(Short web captions)
######

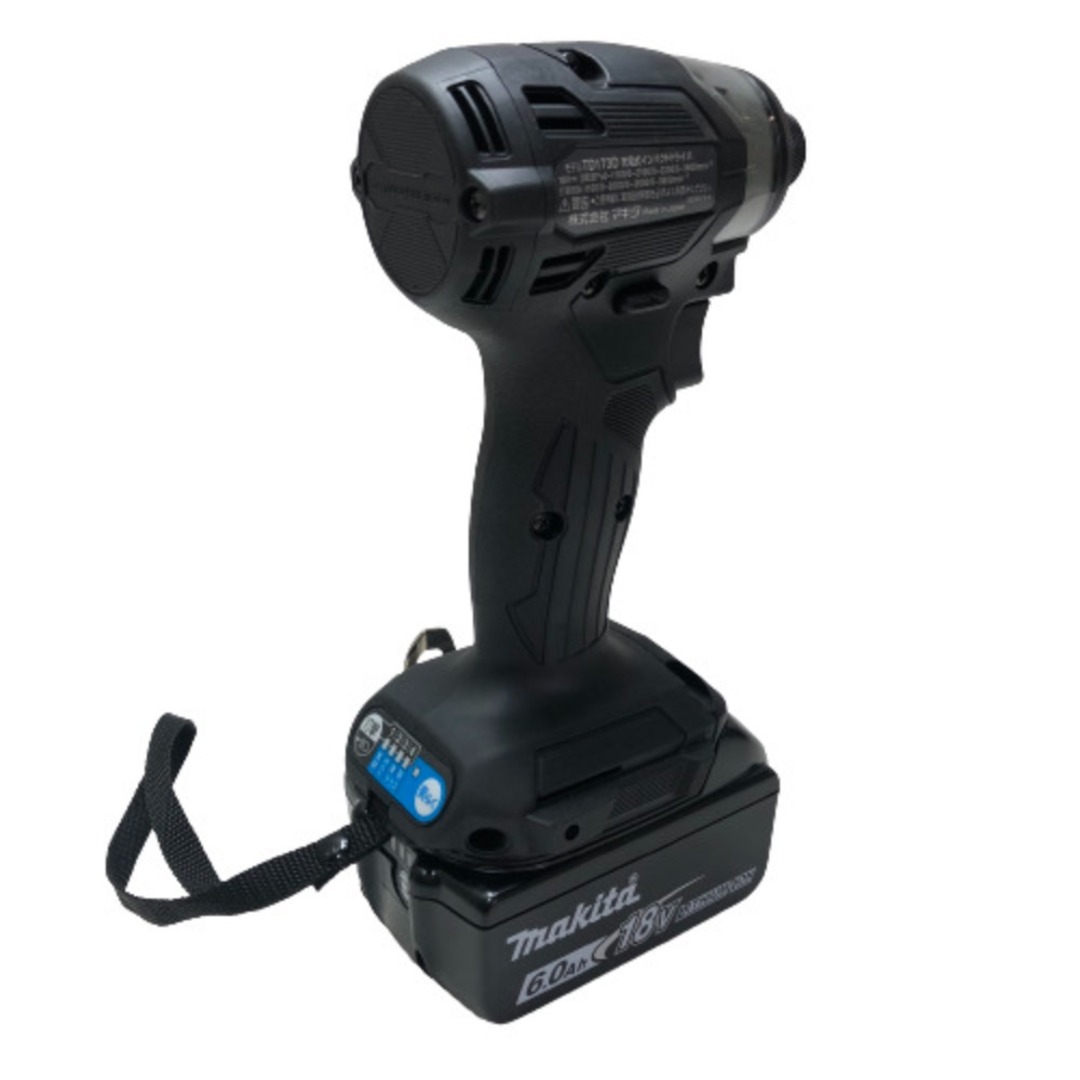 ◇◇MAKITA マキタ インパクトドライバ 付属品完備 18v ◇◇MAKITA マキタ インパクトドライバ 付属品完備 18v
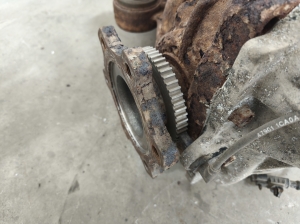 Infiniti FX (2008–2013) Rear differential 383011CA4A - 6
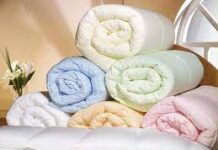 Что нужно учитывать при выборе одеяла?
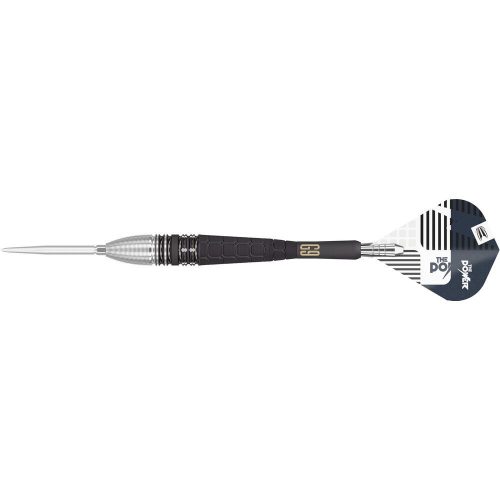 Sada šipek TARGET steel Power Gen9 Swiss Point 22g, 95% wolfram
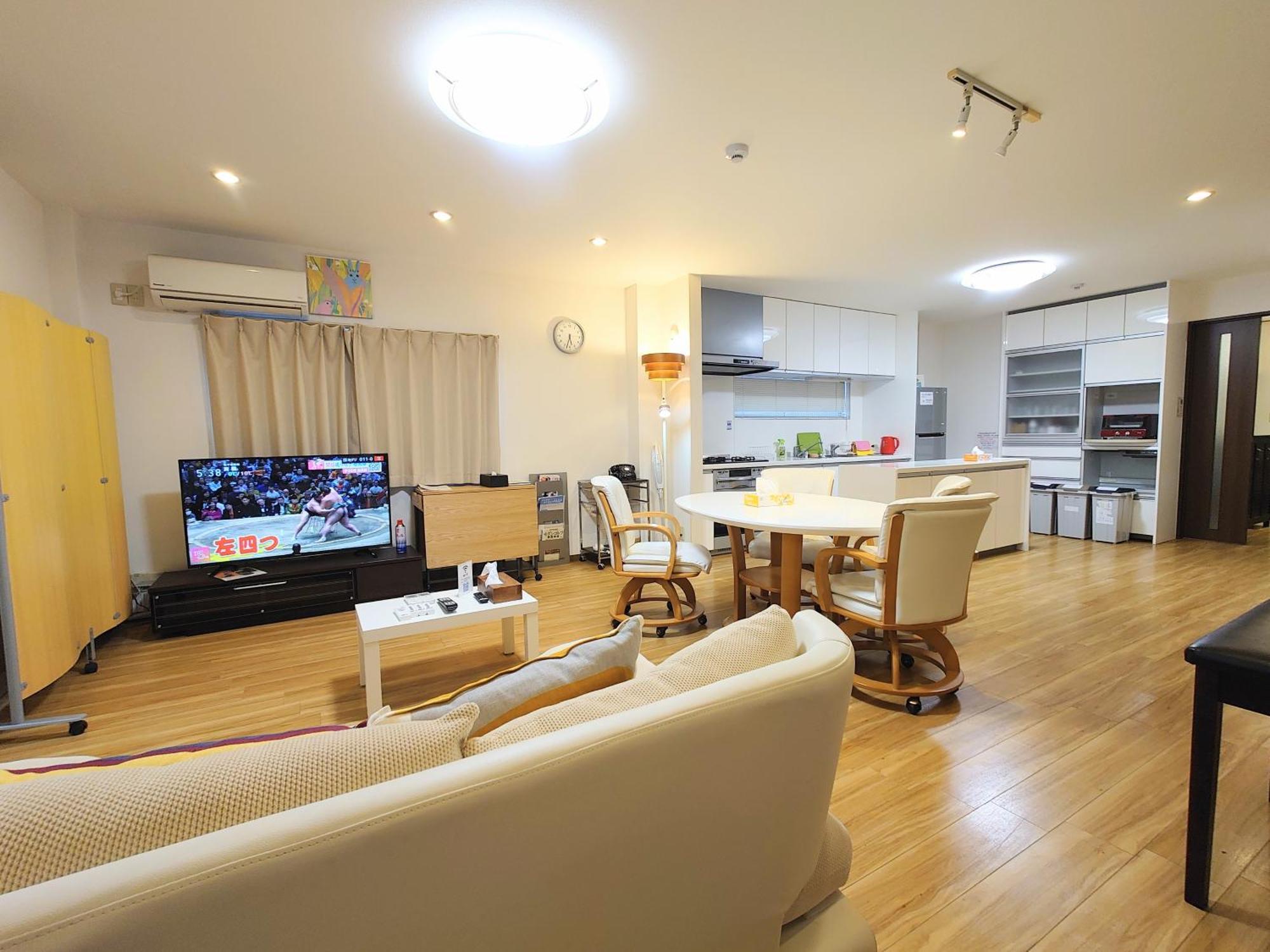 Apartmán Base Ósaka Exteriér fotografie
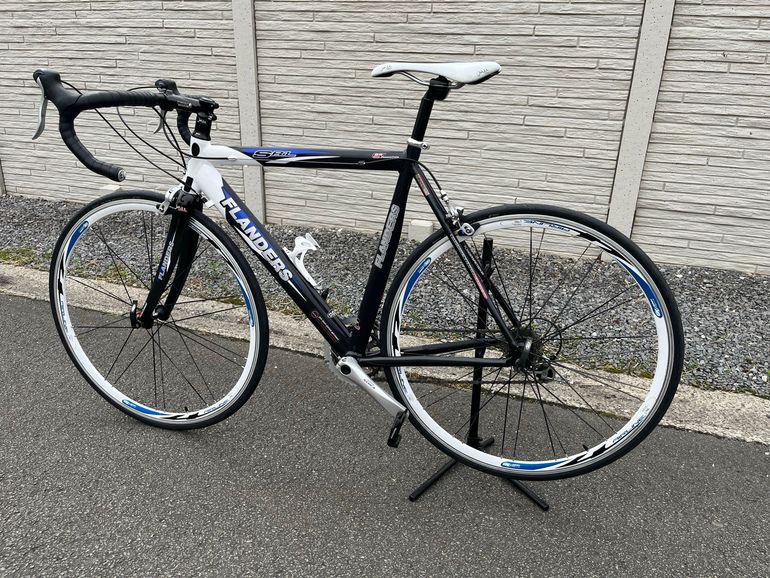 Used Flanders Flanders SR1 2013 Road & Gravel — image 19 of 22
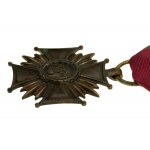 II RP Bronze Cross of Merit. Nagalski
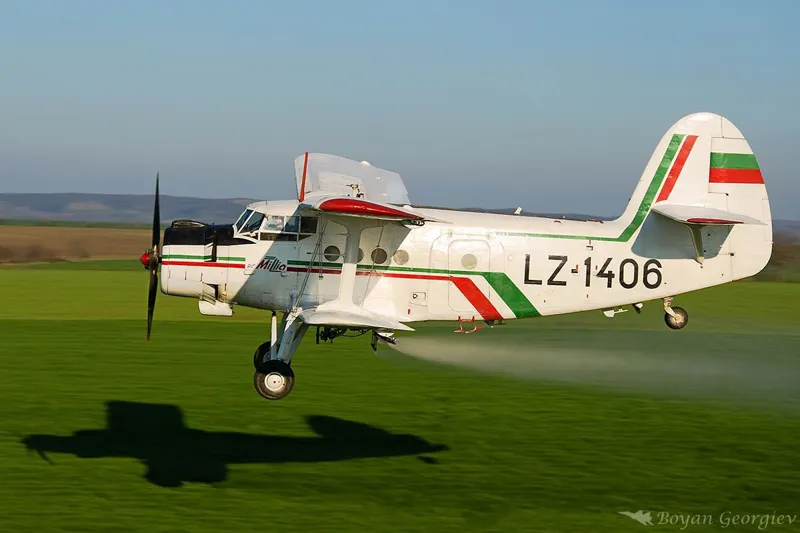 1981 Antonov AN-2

######

▶ Activity:
Transcribe every line of the records exactly. Pictures do not belong in the copy.

▶ Answer box:
 ◇◇MAKITA マキタ インパクトドライバ 付属品完備 18v ◇◇MAKITA マキタ インパクトドライバ 付属品完備 18v
 Infiniti FX (2008–2013) Rear differential 383011CA4A - 6
 Что нужно учитывать при выборе одеяла?
 Sada šipek TARGET steel Power Gen9 Swiss Point 22g, 95% wolfram
 Apartmán Base Ósaka Exteriér fotografie
 Used Flanders Flanders SR1 2013 Road & Gravel — image 19 of 22
 II RP Bronze Cross of Merit. Nagalski
 1981 Antonov AN-2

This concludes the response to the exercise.